* [YOUR ASSIGNMENT]: Starting with the line below that holds "D14 - Vert - The Dice Lab" and stopping after the line that holds "McCall's 8196 Misses'", transcribe the lines exactly, leaving out all pictures.

* [SUPPLIED DATA]:
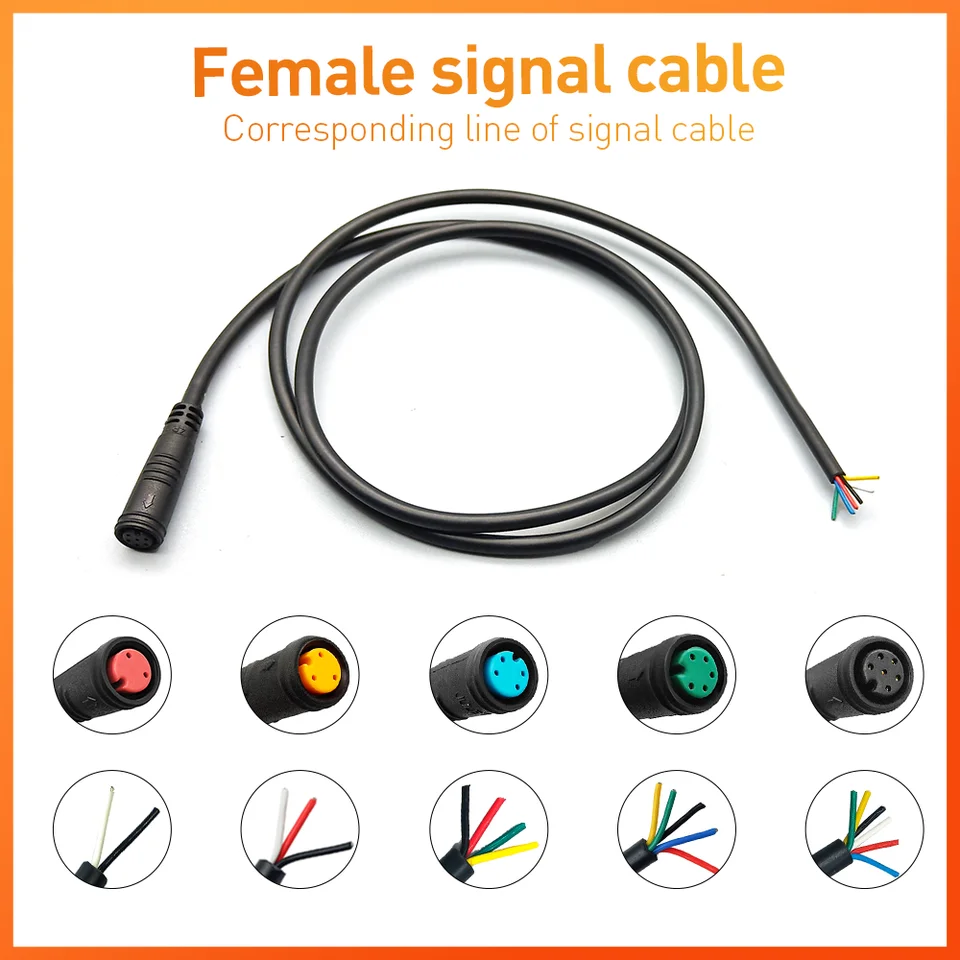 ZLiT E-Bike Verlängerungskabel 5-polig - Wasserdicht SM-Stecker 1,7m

---

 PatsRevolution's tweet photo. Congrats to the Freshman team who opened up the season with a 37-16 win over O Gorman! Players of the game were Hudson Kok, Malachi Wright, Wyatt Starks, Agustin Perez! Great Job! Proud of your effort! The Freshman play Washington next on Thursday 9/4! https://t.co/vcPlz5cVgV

* * *

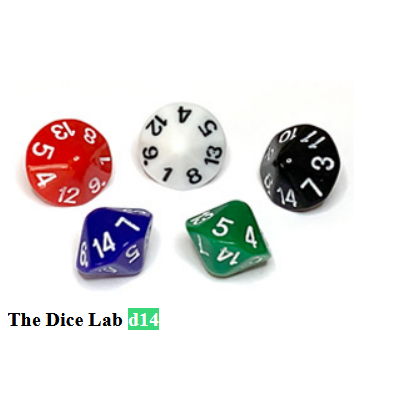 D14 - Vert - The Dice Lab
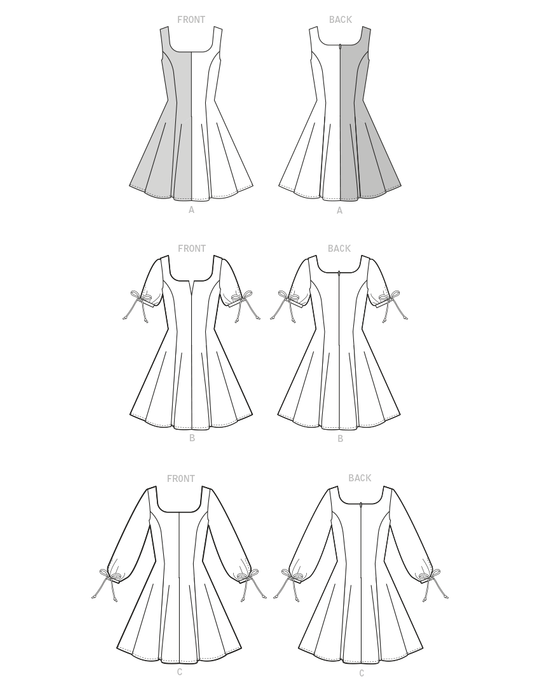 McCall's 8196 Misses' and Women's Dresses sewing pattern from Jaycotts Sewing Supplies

* [ANSWER TO THIS PROBLEM]:
 D14 - Vert - The Dice Lab
 McCall's 8196 Misses' and Women's Dresses sewing pattern from Jaycotts Sewing Supplies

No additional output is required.